Did you know that denoising is the only technology from Disney Research that gets special thanks in the credits of Frozen II ?
Denoising technology has been used in every single Pixar movies ever since Toy Story 4 (2019). In this article, I'd like to share how Pixar is currently using deep-learning to produce high-quality animation that would not be possible without it.
The rendering bottleneck
What is rendering
Rendering is the process of turning a 3D scene into a 2D image.
After characters, objects, light sources and cameras positions are defined in the 3D scene, the value of each pixel of the final image is computed by simulating how the light from each source (color, intensity, angle etc) will bounce on each element (considering material, texture etc) of the scene.
Light simulation
Given a light source, a scene and a camera, there are two main methods to compute the illumination received by the camera :
Forward tracing : In real life, light sources emit photons that bounce on objects until they reach the camera.
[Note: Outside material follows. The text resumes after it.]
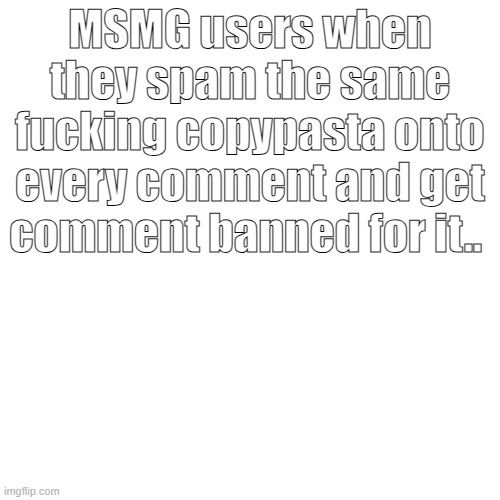 MSMG users when they spam the same fucking copypasta onto every comment and get comment banned for it.. | made w/ Imgflip meme maker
Forward tracing is similar to real life behavior as rays are launched from light sources and bounce on the scene's elements until they they reach the camera and used to compute illumination at each output pixel. The main drawback is that simulation is slow as most rays emitted by the lights will never even reach the camera.
Back tracing : Instead of tracing rays from the light source to the camera, rays are traced backward from the camera to the objects. If the ray hits an object, additional rays are thrown from the impact point until we reach the light source. It is often preferred to photon mapping as it is faster to render (only rays that will eventually reach the camera are computed) at a cost of quality when encountering highly reflective or refractive surfaces (like mirrors and glass) that cause "caustics".
Forward tracing | Backward tracing | |
---|---|---|
Advantage | Photo-realism | Faster to render (only rays that will eventually reach the camera are computed) |
Drawback | Very slow (rays are randomly emitted by the light sources, even ones that will never reach the camera) | Due to some surfaces (like glass), some regions will never be reached |
To take advantage of both methods' strengths, hybrid methods (such as bidirectional path tracing) are used. They are faster than forward tracing but don't suffer as much as back-tracing from surfaces like glass.
The amount of rays used for simulation can be set by the user through the number of "iterations". More iterations = better quality images.
The issue
The rendering process is extremely time consuming. It takes about 24 hours to render a single frame which means that a 100 min movie would take about 400 years ! According to Pixar, even with 2000 machines and 24,000 cores, it still took 2 years for Monster University (2013) to fully render.
It usually takes 4 to 7 years to complete a Pixar movie but out of those years, up to half are spent solely for rendering !
How can deep-learning help reduce this bottleneck ?
Denoising with deep-learning
An unfinished rendering simulation looks like a noisy image with black pixels noise called "Monte Carlo" noise. As such, it is possible to "denoise" an unfinished simulation into the final 2D image.
The field of image denoising is currently dominated by deep learning methods where the model learn from pairs of images (clean, noisy). Using their past movies, Disney has built datasets of (clean images, noisy images) and managed to train models that can generalize well to other movies.
Architecture used
The model currently used by Pixar has been roughly the same since 2018 with no major changes. Their architecture is described in their paper "Denoising with Kernel Prediction and asymmetric Loss Functions" at SIGGRAPH2018.
Modules description
Source encoder : Extracts a low-level representation of the image. Data obtained from different softwares (RenderMan at Pixar / Hyperion at Disney) might have small differences in how the image is rendered which is why multiple encoders (one per renderer source) are fine-tuned from a common denoising back-end to achieve a common representation. The retrained part only consists in two 3x3 convolutional layers which make it very fast to adapt the denoising model to new sources.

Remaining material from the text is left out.